Erneut gibt der VfB in der Bundesliga eine Führung aus der Hand, sogar eine deutlichere als in Freiburg, und lässt am Ende Punkte liegen. Die Mannschaft fehlt aktuell noch die Stabilität — vor allem im Kopf.
Für den Gast aus Mainz war das 3:3 am Samstagnachmittag das zwöfte Pflichtspiel in Folge ohne Niederlage, wie der Twitter-Account des Vereins stolz verkündete. Eine Serie, die auch der Mannschaft des VfB bewusst gewesen sein muss, schließlich rechnete Trainer Sebastian Hoeneß auf der Pressekonferenz vor, dass die Mainzer in der “Henriksen-Tabelle” — also seit Amtsantritt ihres neuen Trainers — auf Platz 5 stünden. Aber wie in der Vorwoche gelang es der Mannschaft nicht, Kapital aus diesem Wissen zu schlagen. Während Julian Schusters Freiburger uns mit ihrem Pressing teilweise überrollten, nutzte der Gästetrainer erneut eine Trinkpause, um die sperrangelweiten Löcher in seiner Abwehr zu schließen und den VfB durch Nadelstiche aus dem Gleichgewicht zu bringen. Dass die Elfmeterentscheidung des unterirdisch agierenden Unparteiischen Timo Gerach ein Witz war, ändert nichts daran, dass sich die Mainzer schon davor dem Tor von Alexander Nübel immer weiter annäherten, unter anderem durch den völlig freihstehenden Burkardt in der 35. Minute.
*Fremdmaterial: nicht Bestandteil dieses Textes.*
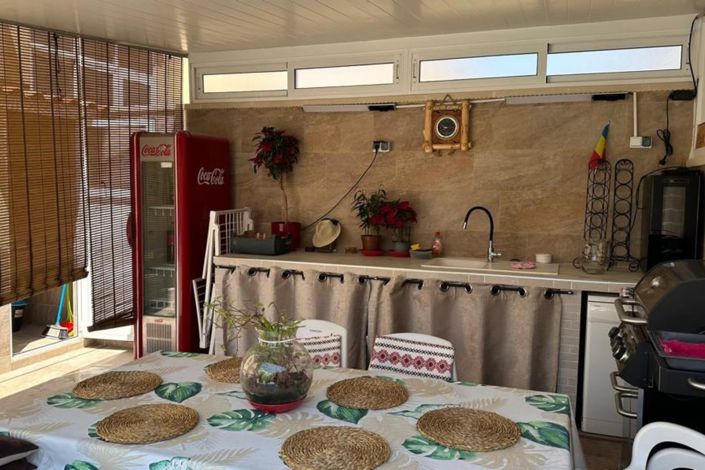 Image No.14-3 Bed House for sale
Mit dem zu diesem Zeitpunkt nicht unverdienten, wenn auch in der Entstehung lachhaften Anschlusstreffer holte der VfB die Gäste in ein Spiel zurück, in dem er sie in den ersten 20 Minuten dominiert hatte. Dass diese Saison nicht so laufen wird, wie die letzte, ist klar. Dennoch gönnt sich die Mannschaft in den ersten Partien der neuen Saison immer mal wieder Phasen der vergangenen Herrlichkeit. Weder dem tollen Angriff über den linken Flügel, den Millot mit seinem Tor veredelte, noch dem strammen Schuss von Jamie Leweling konnten die Mainzer etwas entgegensetzen. Der VfB zauberte sich nach vorne und bewies, dass er immer noch in der Lage ist, die Sterne vom Himmel zu spielen — nur leider sah die Mannschaft irgendwann nichts mehr als Sterne — im übertragenen Sinn, versteht sich.
Wenig zugelassen, aber schlecht verteidigt
Dass Bo Henriksen seiner Mannschaft mehr Widerstandsfähigkeit beigebracht hat, merkte man schon an Nadiem Amiris kleingeistiger Geste in Richtung Cannstatter Kurve nach dem verwandelten Elfmeter, der seiner Meinung nach die richtige Anwort auf das Geraune nach seinen verzogenen Freistößen war. Aber auch unabhängig von solchem Gehabe kämpften sich die Mainzer ins Spiel zurück und und profitierten zwei Mal von haarsträubenden Nachlässigkeiten im Mittelfeld und kastastrophalem Stellungsspiel im Fünf-Meter-Raum. Immerhin: Die Mannschaft ließ erheblich weniger zu als noch vor einer Woche in Freiburg — eigentlich nur die drei Tore und die erwähnte Chance von Burkardt. Aber in der Zuordnung funktionierte plötzlich nur noch sehr wenig, während vorne beste Chancen leichtfertig vergeben wurden, mit Ausnahme des sehenswerten Freistoßtores von Fabian Rieder.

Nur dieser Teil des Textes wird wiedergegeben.